[AVAILABLE DATA]
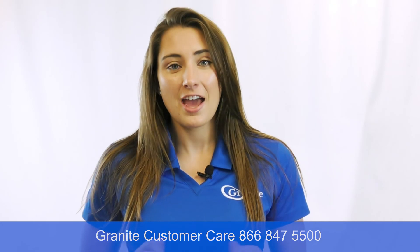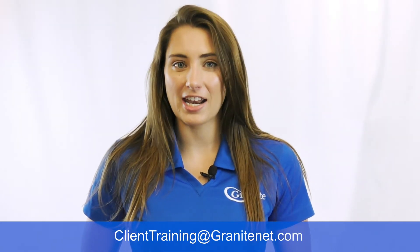Thank you for watching this video on the Panasonic KX-TPA60 handset troubleshooting. If you're still having trouble with your phone, please reach out to Granite and we'll be more than happy to assist. If you have any questions on training, please reach out to ClientTraining at GraniteNet.com and we'll be able to help you out.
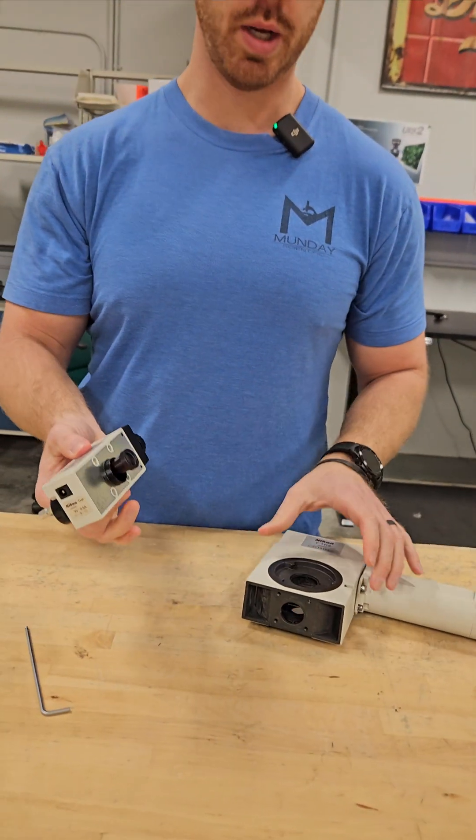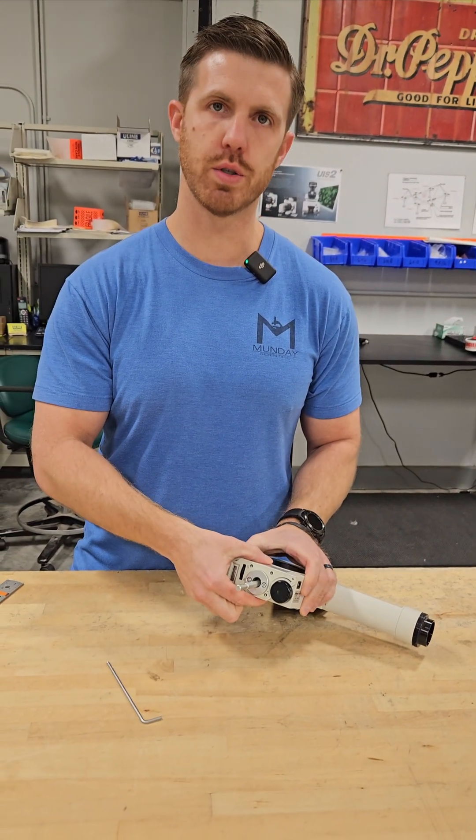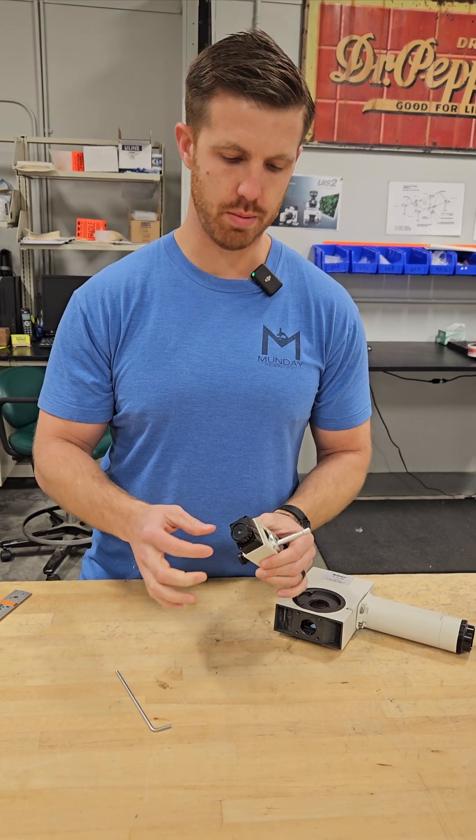There's the pointer assembly. To put it in your other one, you would just slide it in the hole there and tighten the four screws and you're good to go.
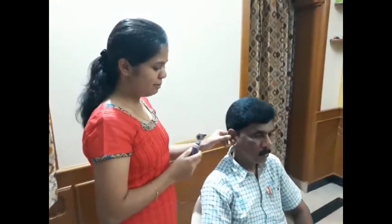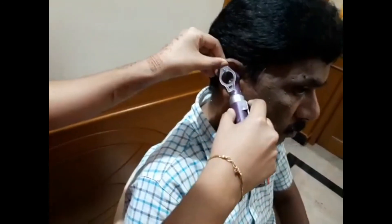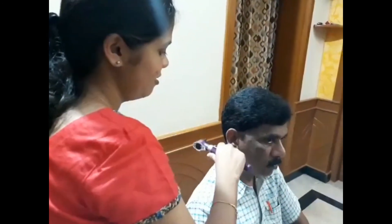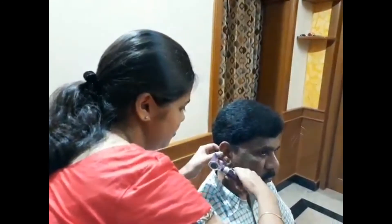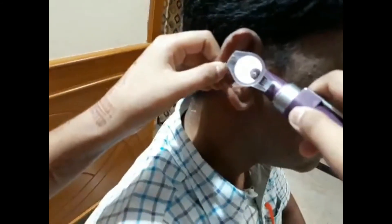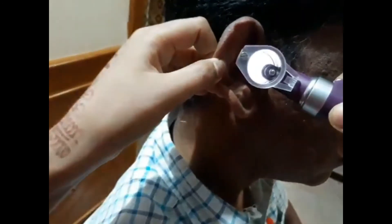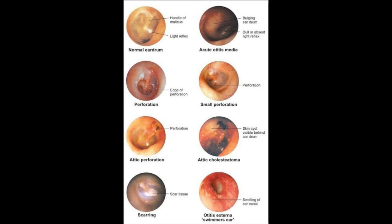Now checking the internal ear of the patient using the otoscope. For inspecting the middle ear, straighten the ear canal to insert the otoscope. I am holding this with my right hand for the right ear and placing my little finger on the cheek of the patient for support. Now I am turning on the light and pushing this inside his ear. I did not notice any abnormalities and you are fine.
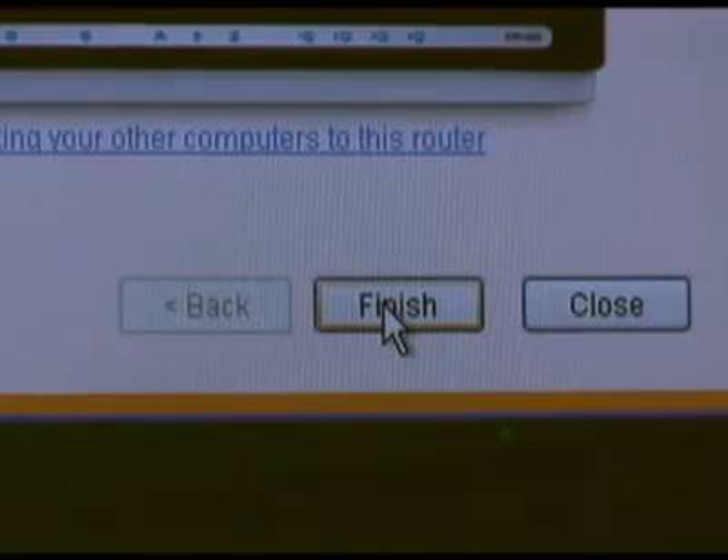Once that step is complete, it's just a matter of clicking the Finish button to complete the setup. There you have it — that's the installation for the Extreme-N Gigabit Router, the DIR-655. As you can see, it's really simple to set up using the quick router setup wizard. That's going to do it for our 100th episode of D-Link TV DIY. I'm Mike — thanks for watching.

[TASK BRIEF]
All text in the material above must be written out exactly; the images are to be skipped.

[TASK RESPONSE]
Thank you for watching this video on the Panasonic KX-TPA60 handset troubleshooting. If you're still having trouble with your phone, please reach out to Granite and we'll be more than happy to assist. If you have any questions on training, please reach out to ClientTraining at GraniteNet.com and we'll be able to help you out.
There's the pointer assembly. To put it in your other one, you would just slide it in the hole there and tighten the four screws and you're good to go.
Now checking the internal ear of the patient using the otoscope. For inspecting the middle ear, straighten the ear canal to insert the otoscope. I am holding this with my right hand for the right ear and placing my little finger on the cheek of the patient for support. Now I am turning on the light and pushing this inside his ear. I did not notice any abnormalities and you are fine.
Once that step is complete, it's just a matter of clicking the Finish button to complete the setup. There you have it — that's the installation for the Extreme-N Gigabit Router, the DIR-655. As you can see, it's really simple to set up using the quick router setup wizard. That's going to do it for our 100th episode of D-Link TV DIY. I'm Mike — thanks for watching.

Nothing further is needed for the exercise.